Data Inconsistency in Real Life.

Motivation...

Many data analysts create functions or scripts to automate the cleaning of files that they believe come in the same format. However, human mistakes are pretty common when performing data entry. On my daily work I deal with "supposedly" identical datasets, however, the script would run for 2 to 3 files before throwing an error showing that a file is not in the same shape as the others.

Who should read it

Any data practitioner, in general. Or anyone looking to enter the field sooner or later.

Data Inconsistency

In general

The biggest frustration for data analysts and scientists is data inconsistency. It adds an extra layer of suffering to our daily work. Why? Because with inconsistent data, not only we have to transform the data into the shape we actually need, but we also have to clean all the mistakes done by others. In short, a clean data that would usually take 5-10mins to put into good shape for modelling or visualization (pivot, stack unstack...), now requires an extra 10 minutes (up to hours) to correct some minor issues (i.e mapping USA, US, usa, us, America ... to a unique key). Now one would say, this shouldn't be a big deal, after all this is our job... Indeed it isn't in many cases! Until you receive a column with supposedly 3 unique values, but in reality they are written in 30 different ways. And now you're contemplating your screen and thinking of the smartest way to map those 30 ways... But at the end of the day, after wasting your precious hours at work, you do it the naïve way.

But why?

Personally, I always ask myself, why do these people do those mistakes; Even when we notify them about it. I came to the conclusion that data literacy (or should I say Illiteracy) is the only reason why those people do the mistakes very frequently.

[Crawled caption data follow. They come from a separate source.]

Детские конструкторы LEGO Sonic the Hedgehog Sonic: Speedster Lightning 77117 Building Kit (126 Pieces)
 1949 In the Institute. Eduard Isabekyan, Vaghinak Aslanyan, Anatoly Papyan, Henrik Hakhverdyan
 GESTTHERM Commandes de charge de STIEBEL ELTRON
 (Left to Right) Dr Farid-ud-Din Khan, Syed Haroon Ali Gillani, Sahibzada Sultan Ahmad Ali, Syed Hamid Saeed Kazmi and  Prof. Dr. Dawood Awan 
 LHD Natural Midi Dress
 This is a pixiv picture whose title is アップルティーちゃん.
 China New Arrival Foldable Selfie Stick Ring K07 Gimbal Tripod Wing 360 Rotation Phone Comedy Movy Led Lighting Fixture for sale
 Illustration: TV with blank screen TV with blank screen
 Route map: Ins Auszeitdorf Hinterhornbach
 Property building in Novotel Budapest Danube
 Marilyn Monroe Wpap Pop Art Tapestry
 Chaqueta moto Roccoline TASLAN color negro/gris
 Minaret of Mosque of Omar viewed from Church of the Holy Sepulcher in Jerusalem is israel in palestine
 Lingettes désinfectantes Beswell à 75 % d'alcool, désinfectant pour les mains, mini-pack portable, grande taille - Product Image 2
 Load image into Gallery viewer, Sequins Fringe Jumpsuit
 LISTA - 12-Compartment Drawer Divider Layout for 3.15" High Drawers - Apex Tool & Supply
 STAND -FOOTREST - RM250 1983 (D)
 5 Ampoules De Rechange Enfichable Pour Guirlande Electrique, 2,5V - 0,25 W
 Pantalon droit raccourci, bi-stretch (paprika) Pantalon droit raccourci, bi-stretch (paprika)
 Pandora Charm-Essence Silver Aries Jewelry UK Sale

We (DA/DS) care about data consistency from one dataset to another because we are trying to automate the tasks. However, on the opposite side, the people filling the data are just trying to fill it in for a reader (a human). They do not really care about your python script or function that is supposed to consume the dataset. Therefore, sorry to say, but enjoy your forever suffering. UNLESS you start working with datasets coming from Google analytics, clean and tidy! (A DREAM).

Can we improve at least?

In my opinion, yes! Preparing template with built in values that can autofill is one scenario, but it is far from perfect and too limited. However, a general template to ensure that the columns are always going to be in the same place and with the same names is a HUGE milestone. At least, now, I can automate the reading part of the file, and create a function that will detect all the unmapped values. A small correction of the mapping dictionary from time to time won't be hectic.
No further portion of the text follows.